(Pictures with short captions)
┌────────

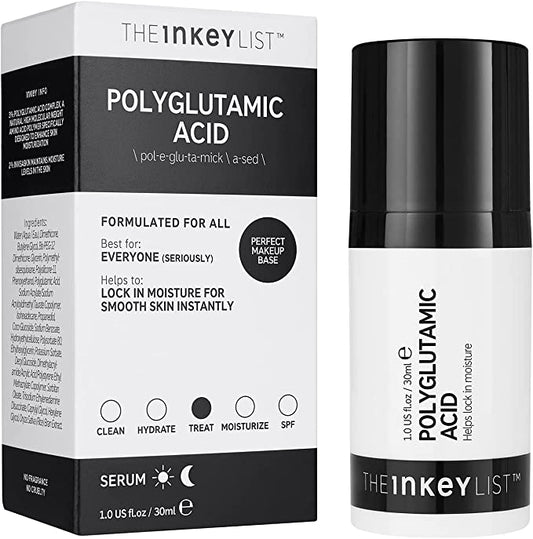 The INKEY List Polyglutamic Acid Moisturising Serum 30ml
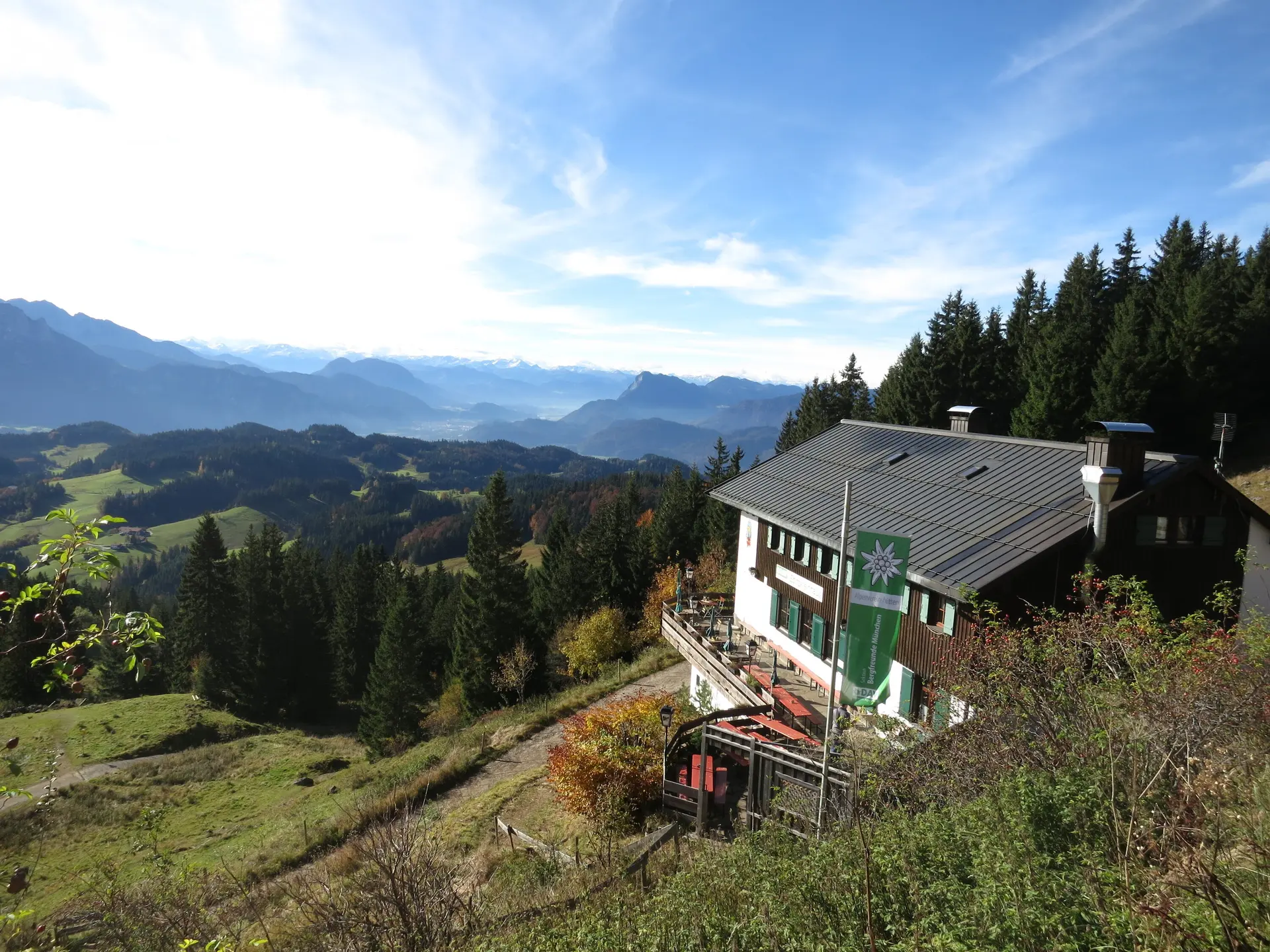 Spitzsteinhaus - eine DAV Schutzhütte der Sektion Bergfreunde München | © DAV/Petra Wiedemann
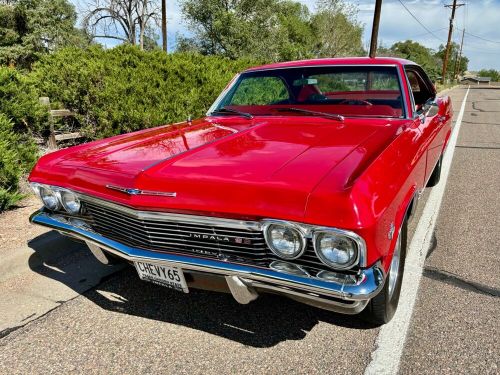 1965 chevrolet impala super sport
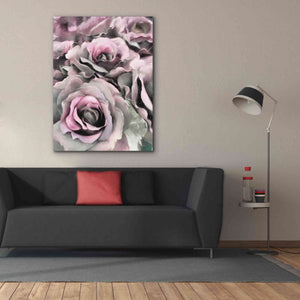 'Painted Roses' by Lori Deiter, Canvas Wall Art,40 x 54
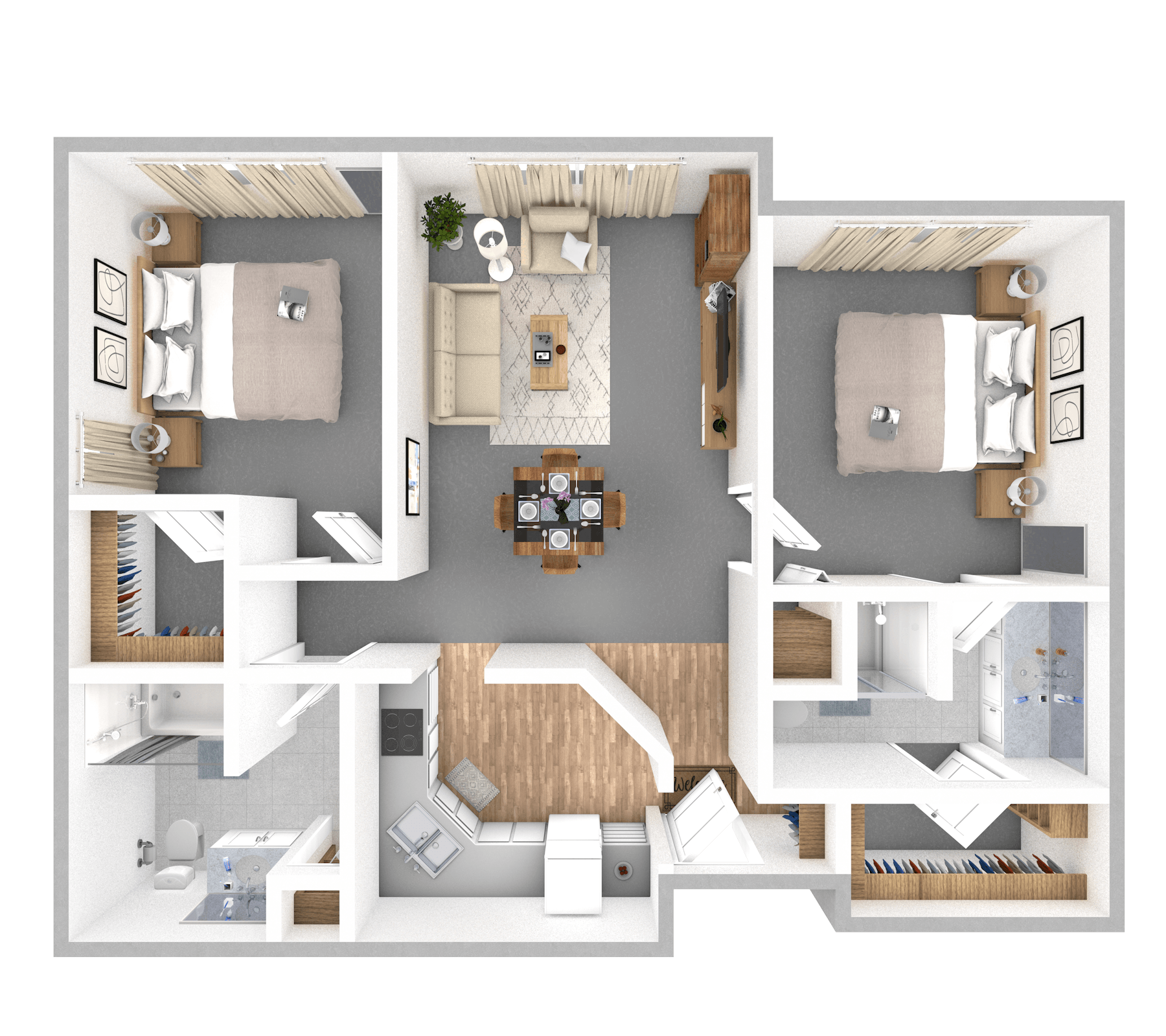 Alder floor plan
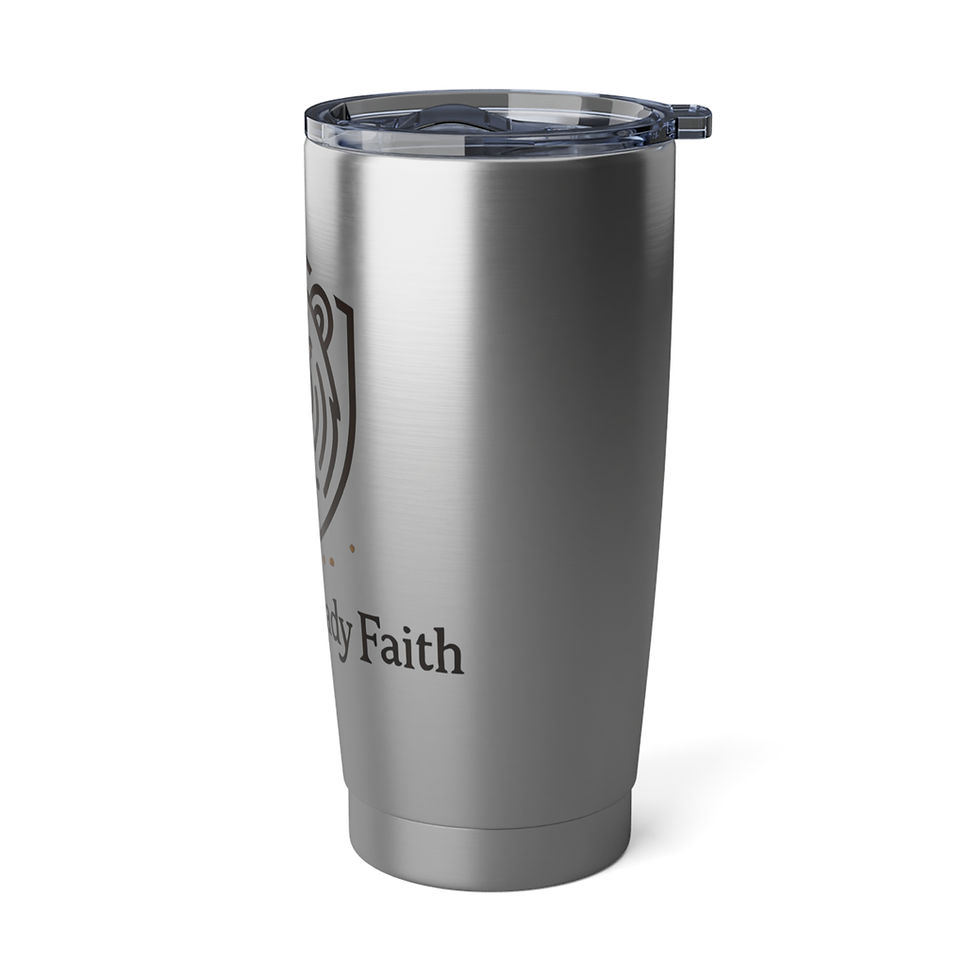 Thumbnail: Mission Ready Faith 20oz Insulated Bear Tumbler 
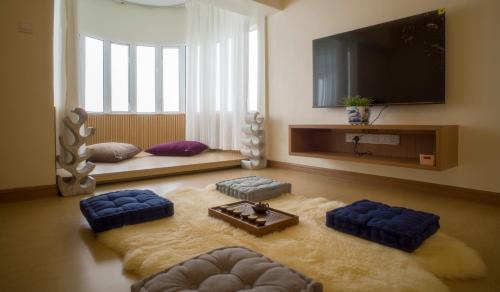 Genting Highlands Apartamento | Zen Suite, 8-12pax, 3R2B, Sauna, Sunrise Cloud View, Golden Hills Resort, Genting Highlands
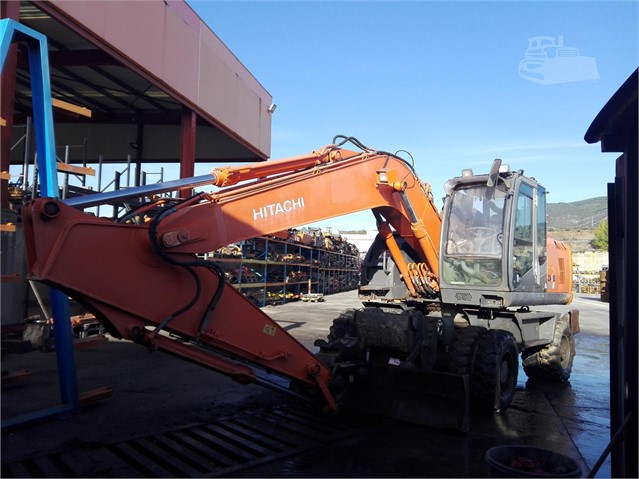 Excavadoras de ruedas HITACHI ZX190W-3 (2013)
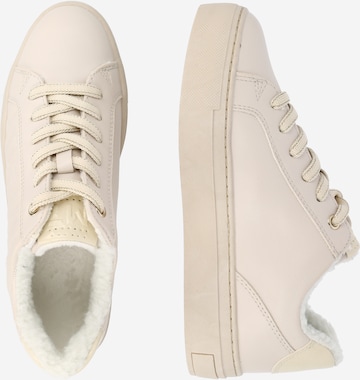 MARCO TOZZI Sneakers laag in Beige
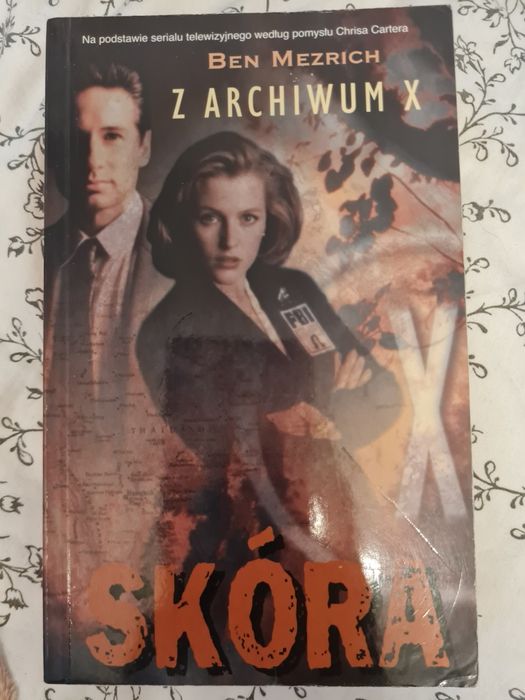 Ben Mezrich, Skóra z Archiwum X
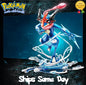 ✅ Ensemble de blocs de construction officiels Pokémon LARGE 16" Ash Greninja Jouet créatif NEUF 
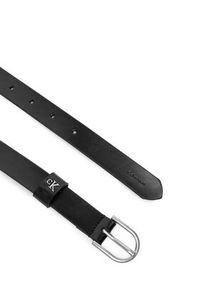 Calvin Klein Pasek Rounded Buckle Ck Loop 25Mm LV04F7107G Czarny. Kolor: czarny. Materiał: skóra #2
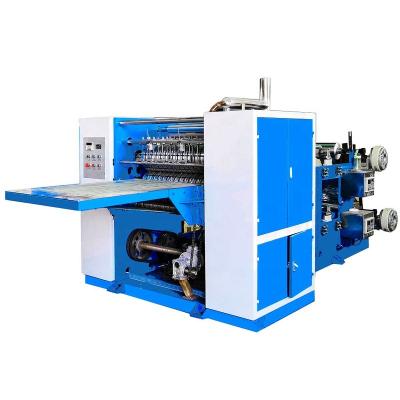 China Automatic Automatic Food Foil Wrapping Aluminum Foil Slitting And Folding Machine for sale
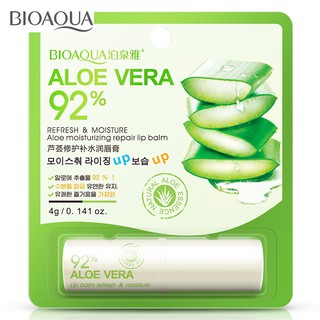 Son dưỡng môi bioaqua lô hội
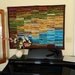 The River, Batik Wall Hanging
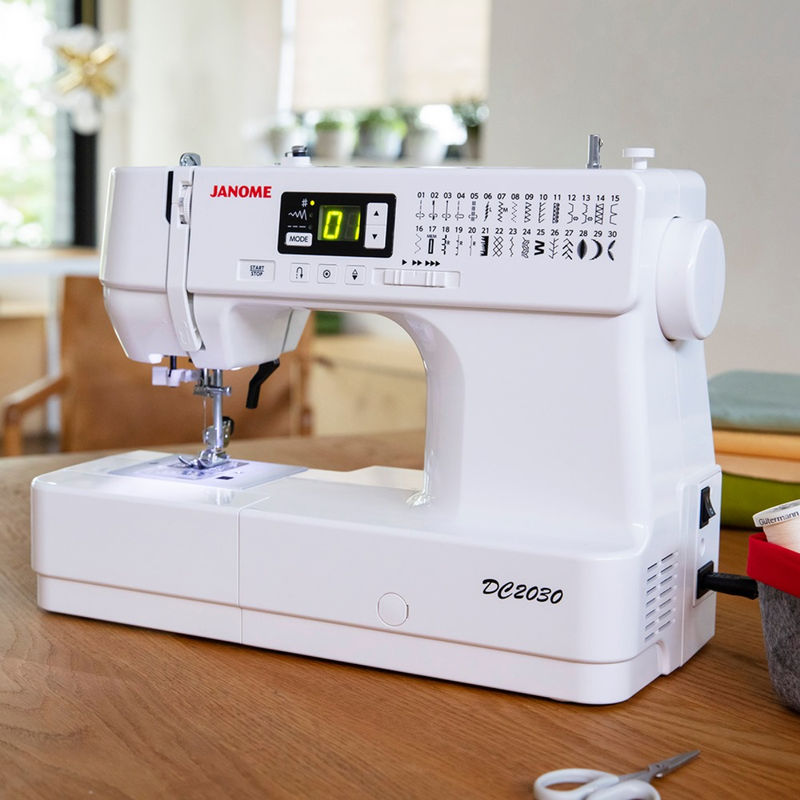 Janome DC2030 Basic Budget Quilter's Sewing Machine Sew Much Easier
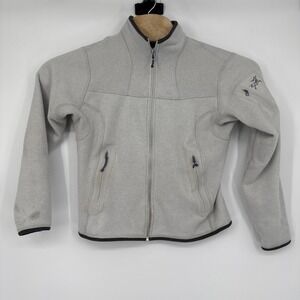 Arc'teryx Polartec Covert Cardigan Fleece Jacket Womens Medium Skiing Hiking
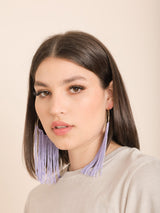 Molly Green - Hangin' By A Thread Hoops - Jewelry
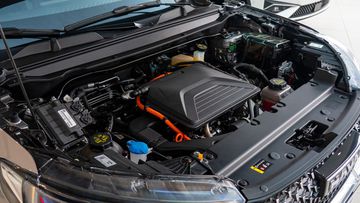 Haval Jolion 2025 có sức mạnh vượt trội các đối thủ trong phân khúc SUV cỡ B và B+ khi sở hữu khối động cơ Hybrid hiện đại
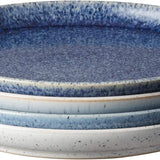 Studio Blue Coupe Medium Plates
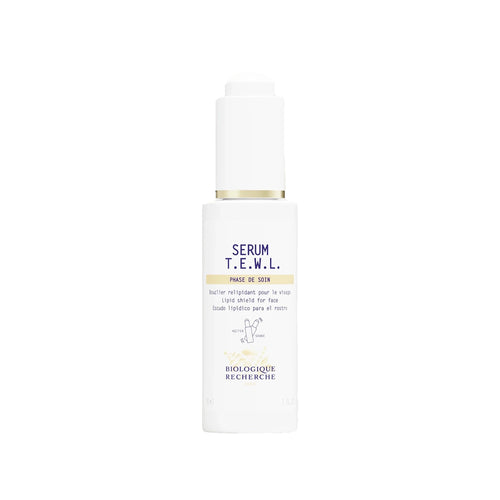 Serum T.E.W.L, bouclier relipidant pour le visage par Biologique Recherche.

└────────

Using the entries above, repeat exactly the lines from the one with "Art,40 x 54" to the one with "Ben Mezrich, Skóra z Archiwum X", both included, and leave the pictures behind.

 'Painted Roses' by Lori Deiter, Canvas Wall Art,40 x 54
 Alder floor plan
 Thumbnail: Mission Ready Faith 20oz Insulated Bear Tumbler 
 Genting Highlands Apartamento | Zen Suite, 8-12pax, 3R2B, Sauna, Sunrise Cloud View, Golden Hills Resort, Genting Highlands
 Excavadoras de ruedas HITACHI ZX190W-3 (2013)
 MARCO TOZZI Sneakers laag in Beige
 Ben Mezrich, Skóra z Archiwum X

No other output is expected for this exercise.